More importantly, it was here around AD 60 that the Apostle Paul was shipwrecked on his way to Rome and made his home for three months. He preached the gospel here and today it is considered to have one of the highest percentages of followers of Jesus anywhere in the world. They helped stop the Islamists in the sixteenth century. Even shipwrecks have a purpose for the gospel—and only because of God’s sovereign grace.
But as we have traveled and tried to keep minimally in touch with all that’s going on around us, it is sad to read the American newspapers and notice from a distance how hostile and adversarial the newscasters are. My dad used to read the news on weekends occasionally in India over All India Radio. He had a beautiful baritone voice (unlike his second son) and his job was to read the news, not to share his views. In fact, that’s the way it used to be. But now, all you see is people arguing and being disrespectful of leadership to the point of inciting and advancing violence. Anger and hate predispose one to irrational and insane emotions.
I talk to local leadership as I travel and they marvel at what America is doing to itself. We sit at the edge of horrific possibilities and our mass media are bearers of constant criticism, devoid of any grace and even more bereft of answers. I marvel at how a mind can get so hateful. There are huge challenges facing the world geopolitically, while on the news we strain at a gnat and swallow a camel. Even the young speak with such authority, as if they know best. A young view is always helpful, provided it is not seen as the last word on the subject. The views I held in my twenties on almost everything have had to be revisited and reevaluated. How, then, can a troubled world find answers from ideologues that contour everything to fit into their narrative?

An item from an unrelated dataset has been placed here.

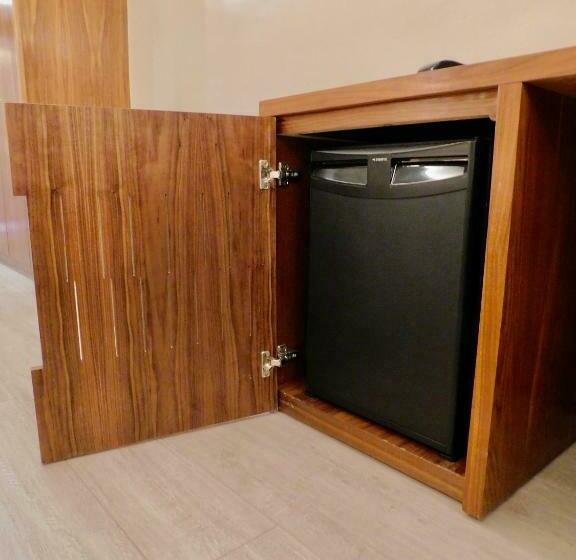 חדר סופריור יחיד, Kenzi Rose Garden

News has become views. And views without balance take the blindfold off the Statue of Liberty and manipulate the scales, a sure recipe for creating enemies even to a point of desiring the destruction of an opponent. That is unbridled evil. Evil is the bedrock of destruction. It used to be said in the millennial motif that “each man would be sitting under his own fig tree.” With hate at an epidemic level, it is more descriptive to say, “Each one having his or her own attorney sitting under the scorching winds of anger.” That alone tells us of the broken world in which we live.
But so it is and the world hovers on the brink of potential catastrophes. It’s very troubling. So I turned off the news and took to books.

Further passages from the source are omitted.